GNU General Public License v3.0
56 stars 13 forks source link

Pipeline or function to allow triallelic sites for inference? #670

Open hyanwong opened 2 years ago

hyanwong commented 2 years ago

As described briefly in https://github.com/tskit-dev/tsinfer/issues/228#issuecomment-734315735, it should be possible to use triallieic and tetraallelic sites for inference, rather than (as at present) simply placing the alleles using parsimony. The key is that we don't know which of the derived states is derived from the ancestral, and which (if any) are derived from other states, so we simply treat some of the allelic states as "missing data". There are some organisms in which there are a lot of triallelic sites (i.e. ones with high mutation rates), so I wonder if this is worth turning into some sort of formal preprocessing step, and testing if it works. Here's how it would go:

  1. Assume we have large numbers of trialleleic or tetrallelelic site in which the ancestral state is known
  2. For each site independently, take one of the non ancestral states as the one on which to base the inference (probably the non-ancestral state with the highest frequency?)
  3. Run through the sample data file through a pipeline which creates a new sample data file which marks all other states as missing. This allows these states to be placed either as mutations from the ancestral state or as mutations from the derived state
  4. Do the inference
  5. Map the original site data onto the tree (possibly using parsimony?) to add in the extra mutations necessary.

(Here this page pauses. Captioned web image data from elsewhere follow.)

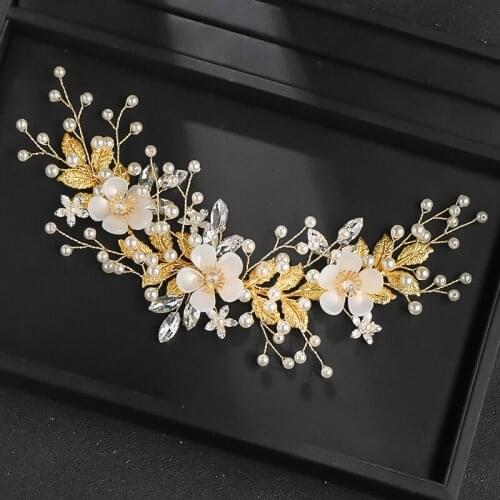 Trendy Pearl Crystal Wedding Bridal Headbands Handmade Women Jewelry Gold Hairbands Hair Accessories Party Pageants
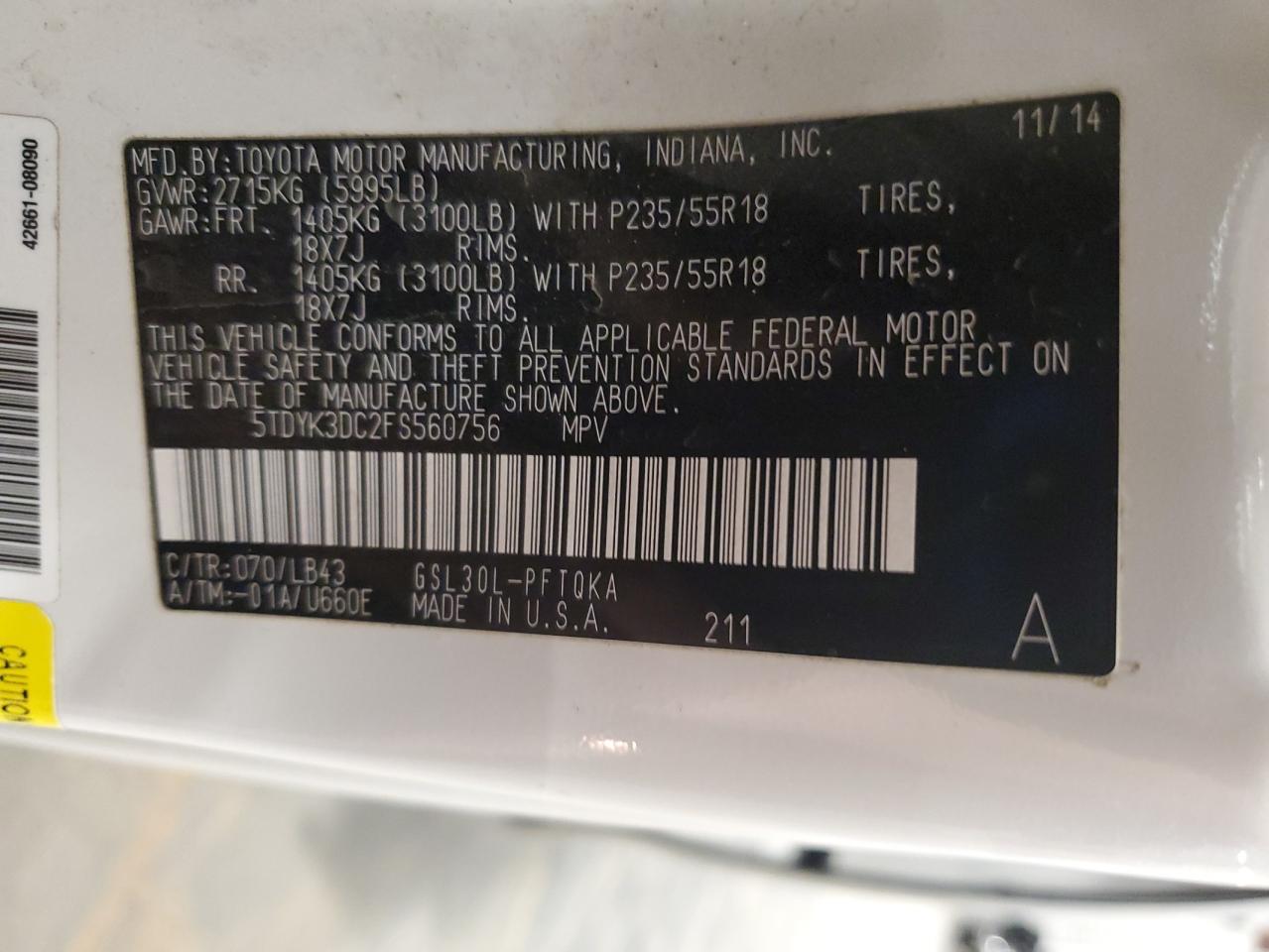 2015 Toyota Sienna Xle VIN: 5TDYK3DC2FS560756 Lot: 81867165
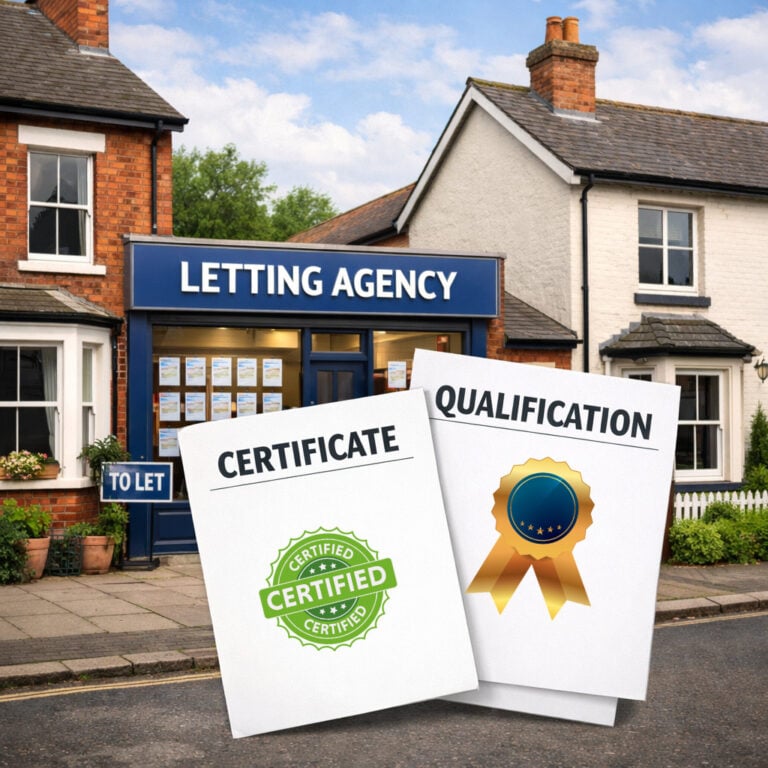 Letting agency office with qualification certificates highlighting updated Renters’ Rights Act training for agents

We could test the effectiveness of this by simulation quite easily.

hyanwong commented 2 years ago

Pinging @stsmall as this may be of interest for AG1000 data - we could use the stdpopsim AnoGam model (not fully documented yet) or the more documented Aedes one. I wonder how many triallelic sites they tend to generate?

andrewkern commented 2 years ago

good question @hyanwong -- I wonder how many sites multiallelic sites the AnoGam model produces. We know from the empirical Ag1kg data that ~1/3 of sites are multiallelic, but we ignored those for demographic inference

hyanwong commented 2 years ago

Thanks @andrewkern - of the multiallelic sites, what's the lowest freq allele? Is it the case that most of the time there's one of the 3 alleles at a vanishingly rare freq?

andrewkern commented 2 years ago

yeah good question. i'll defer to @stsmall on this as he has his hands on the data right now.

stsmall commented 2 years ago

To pick this back up. The majority of multiallelic sites are singletons. [Ref, Alt, Alt1, Alt2] percent singleton Alt1 : 0.5881852164112996 percent singleton Alt2 : 0.7144287770714822 percent singleton Alt1 & Alt2 : 0.2824007940955862

hyanwong commented 2 years ago

Oh, well that's easy then, right? Just mark the allele that's a singleton as missing for the moment. I can't see any reason why not to do this.